Whether you are just starting out with your finances or you have been on your own for a while, understanding your FICO score is a must. A FICO (Fair Isaac Corporation) score is used by approximately 90% of all lenders. It is a credit rating that shows the person’s credit and payment history and ability to obtain and repay credit. Your FICO score will affect the interest rate of a loan, how much a lender is willing to lend, etc. FICO scores range from 350 to 850.
How do you know which FICO scores are considered good? Whenever a lender receives a loan application, they need to know the risk they would be taking if they issue the loan. The majority of lenders will run a credit report and will take the FICO score into consideration. The higher score the better it is for the lender and the borrowing. A higher score means you are credit worthy and at a lower risk for defaulting or not repaying the loan.

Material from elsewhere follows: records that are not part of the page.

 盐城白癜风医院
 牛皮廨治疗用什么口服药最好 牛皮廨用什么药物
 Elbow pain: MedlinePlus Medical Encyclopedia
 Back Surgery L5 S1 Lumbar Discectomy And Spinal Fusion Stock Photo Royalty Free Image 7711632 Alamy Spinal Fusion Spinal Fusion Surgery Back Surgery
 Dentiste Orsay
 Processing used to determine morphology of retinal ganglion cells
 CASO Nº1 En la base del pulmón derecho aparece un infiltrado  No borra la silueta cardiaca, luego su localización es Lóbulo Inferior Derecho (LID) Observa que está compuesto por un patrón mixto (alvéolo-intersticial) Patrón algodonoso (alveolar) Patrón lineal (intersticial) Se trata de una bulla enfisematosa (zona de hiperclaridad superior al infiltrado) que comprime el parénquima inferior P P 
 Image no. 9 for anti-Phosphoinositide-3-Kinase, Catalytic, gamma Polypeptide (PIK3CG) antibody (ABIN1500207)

How are FICO scores calculated? FICO scores are calculated using specific credit and payment history that has been reported by credit reporting agencies. There are basically 5 areas considered for your credit score as found on www.myfico.com:
- Payment History
- Amounts Owed
- Length of Credit History
- Credit Mix
- New Credit
Payment history is one of the first things a lender wants to know. Past payment history is a good indication of the future payment history for an individual. Unforeseen circumstances may arise that affect a consumer’s ability to repay but generally the payment history is reflective of a consumer’s payment habits.

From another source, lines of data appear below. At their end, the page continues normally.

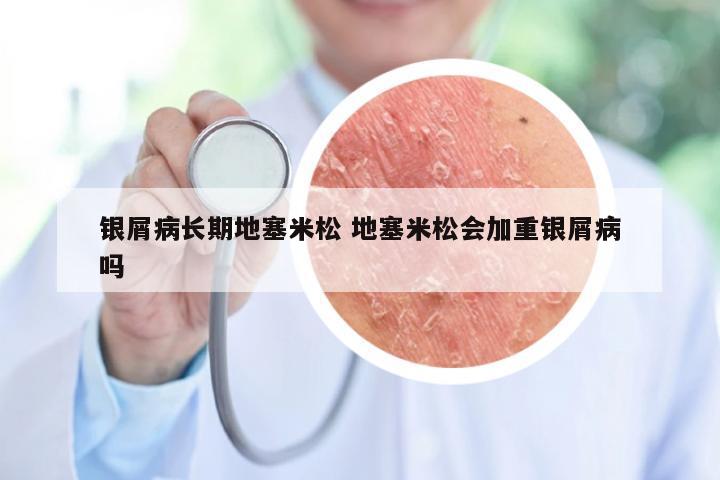 银屑病长期地塞米松 地塞米松会加重银屑病吗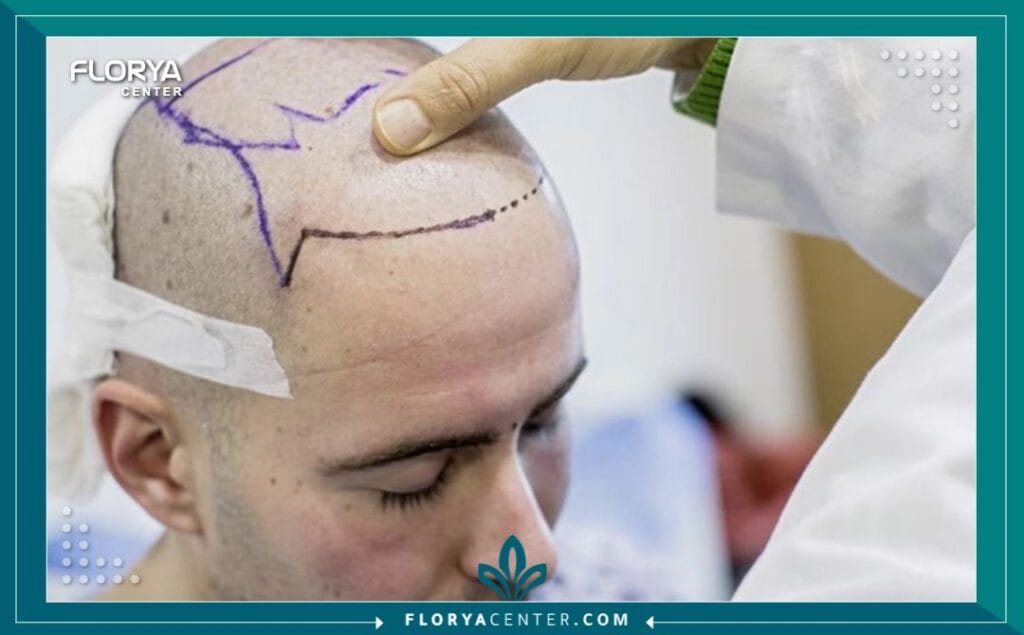 عملية زراعة الشعر الطبيعي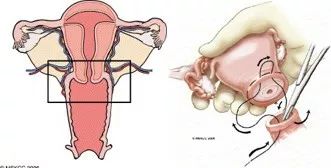 听专家说老年肿瘤怎么治,专家讲癌症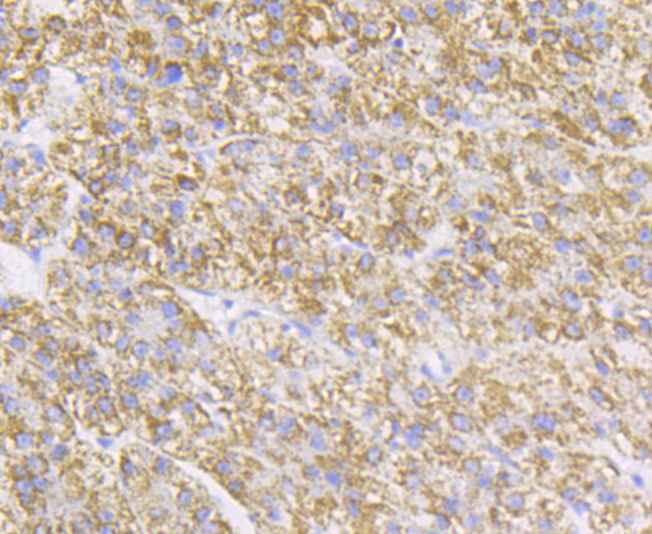 Paraformaldehyde-fixed and paraffin-embedded Human Liver tissue incubated with P2Y6 (8H2) Monoclonal Antibody (bsm-54386R) at 1:100, overnight at 4°C, followed by a conjugated secondary antibody and DAB staining. Counterstained with hematoxylin. Paraformaldehyde-fixed and paraffin-embedded Human Liver tissue incubated with P2Y6 (8H2) Monoclonal Antibody (bsm-54386R) at 1:100, overnight at 4°C, followed by a conjugated secondary antibody and DAB staining. Counterstained with hematoxylin.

Amounts Owed will be a factor considered as the lender will want to know the financial burden the borrower already faces. Just because a lender owes a large amount of money does not mean the borrower will be a potential credit risk but this must be taken into consideration by the lender.
Length of Credit History will give a lender a better picture of your payment history. A short credit history does not reveal as much about the lender as a longer credit history.
Credit Mix is made up of the different types of credit you have. For example, a consumer might have 3 major credit cards, 2 mortgages, one department store credit card, an automobile loan, a boat loan, and 2 student loans. While an automobile loan will decrease with the passage of time, a credit card balance could continue to increase.
New credit reveals how much the consumer continues to borrow. Keep this in mind each time you are offered a credit card for a particular store. Remember that if you open a credit card at a particular store you are more likely to spend more at that store. This is one of the reasons the cashier asks you if you want to save “15%” on your purchase by opening a credit account with them.
Items that can negatively affect your FICO score are late payments, short credit history, reaching your credit limit, not paying the minimum payment, opening new credit accounts, etc. Items that can positively impact your FICO score include making payments on time, long credit history, paying off balances, paying more than the minimum payment, and refraining from opening new credit accounts.
Be an educated consumer. Know your FICO score and make improving it a priority.